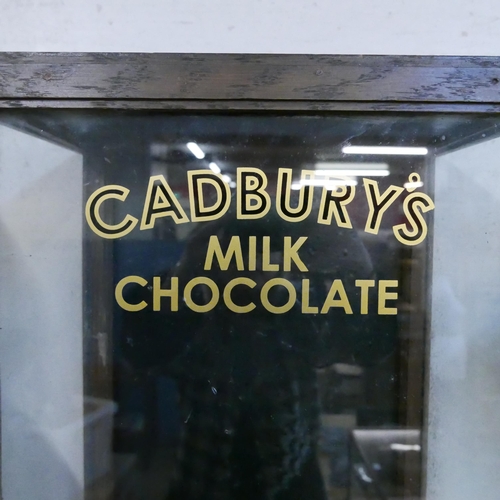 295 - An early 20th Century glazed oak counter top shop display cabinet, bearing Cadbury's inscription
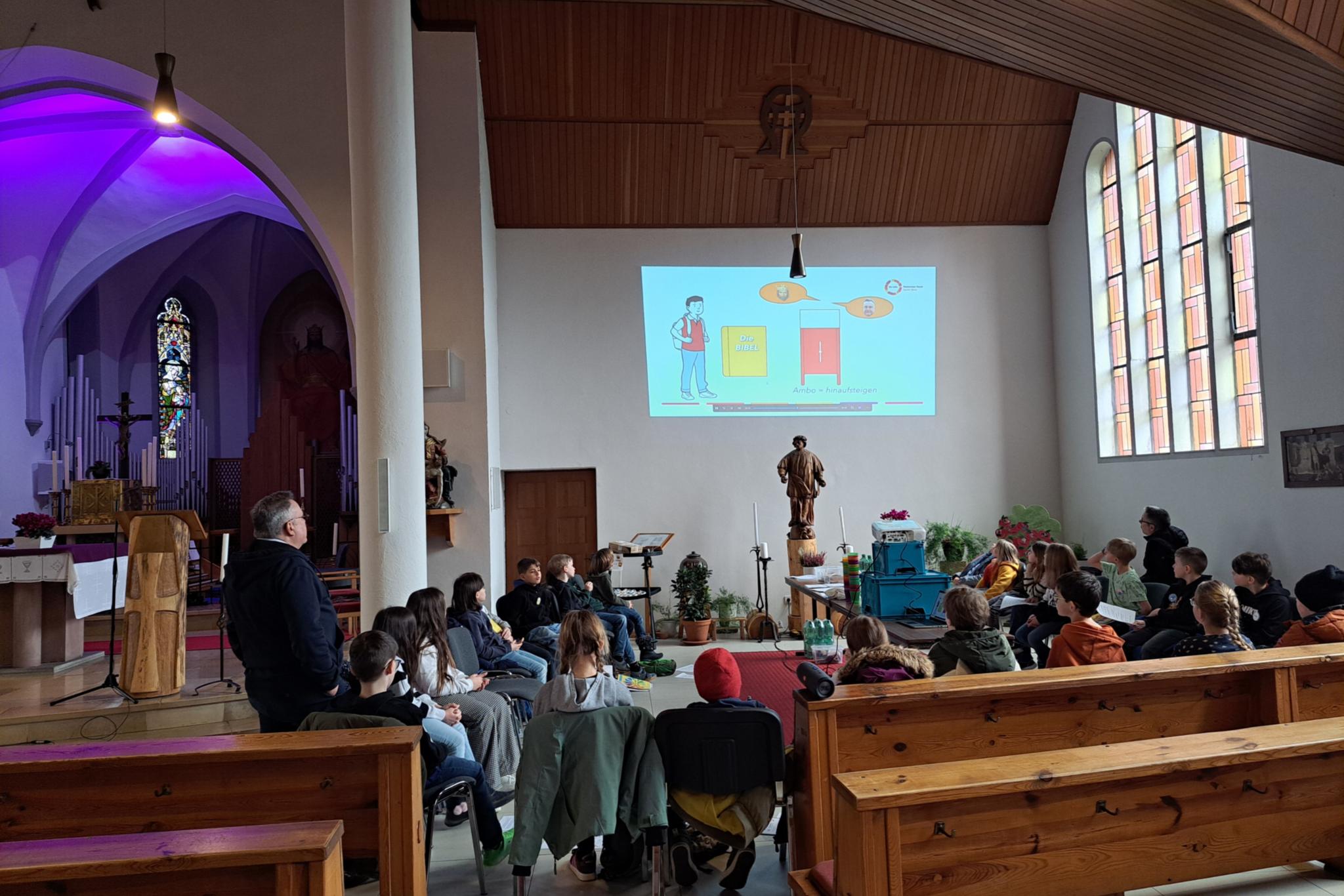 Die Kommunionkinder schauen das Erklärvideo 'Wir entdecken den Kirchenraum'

---

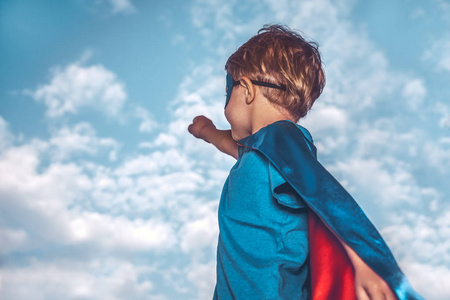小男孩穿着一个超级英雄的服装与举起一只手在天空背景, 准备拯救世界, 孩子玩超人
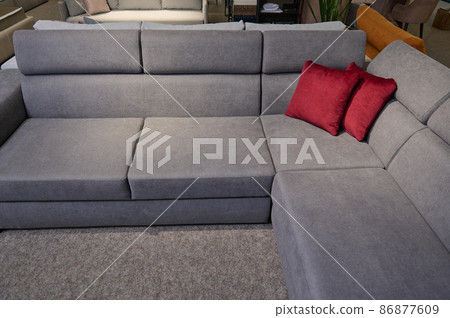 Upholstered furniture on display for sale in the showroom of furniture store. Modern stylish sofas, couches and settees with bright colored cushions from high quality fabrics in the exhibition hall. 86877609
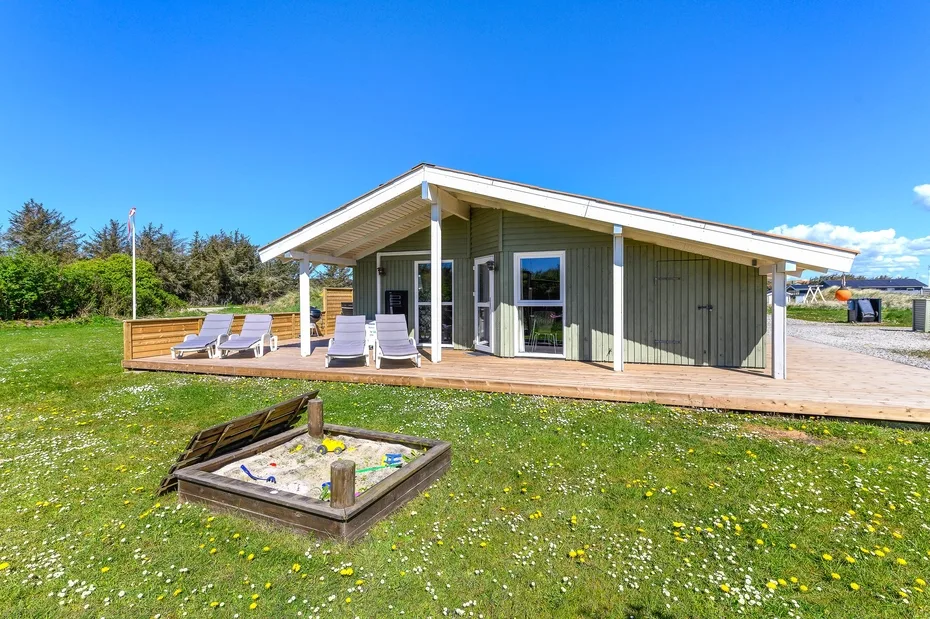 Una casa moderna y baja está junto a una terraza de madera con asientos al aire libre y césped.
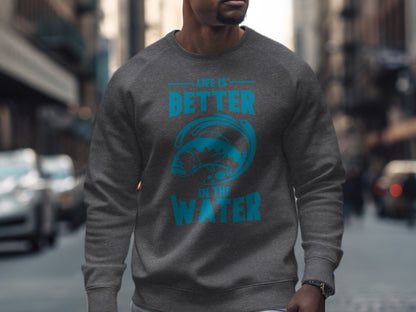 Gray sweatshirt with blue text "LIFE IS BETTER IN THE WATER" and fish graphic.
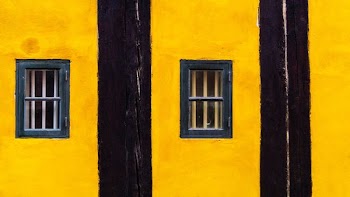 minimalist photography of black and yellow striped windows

**What this task involves**
In the records above, everything from the line with "Upholstered furniture on" down to the line with "minimalist photography of" is to be set down exactly, both ends included, with no pictures and no other lines.

**Response area**
 Upholstered furniture on display for sale in the showroom of furniture store. Modern stylish sofas, couches and settees with bright colored cushions from high quality fabrics in the exhibition hall. 86877609
 Una casa moderna y baja está junto a una terraza de madera con asientos al aire libre y césped.
 Gray sweatshirt with blue text "LIFE IS BETTER IN THE WATER" and fish graphic.
 minimalist photography of black and yellow striped windows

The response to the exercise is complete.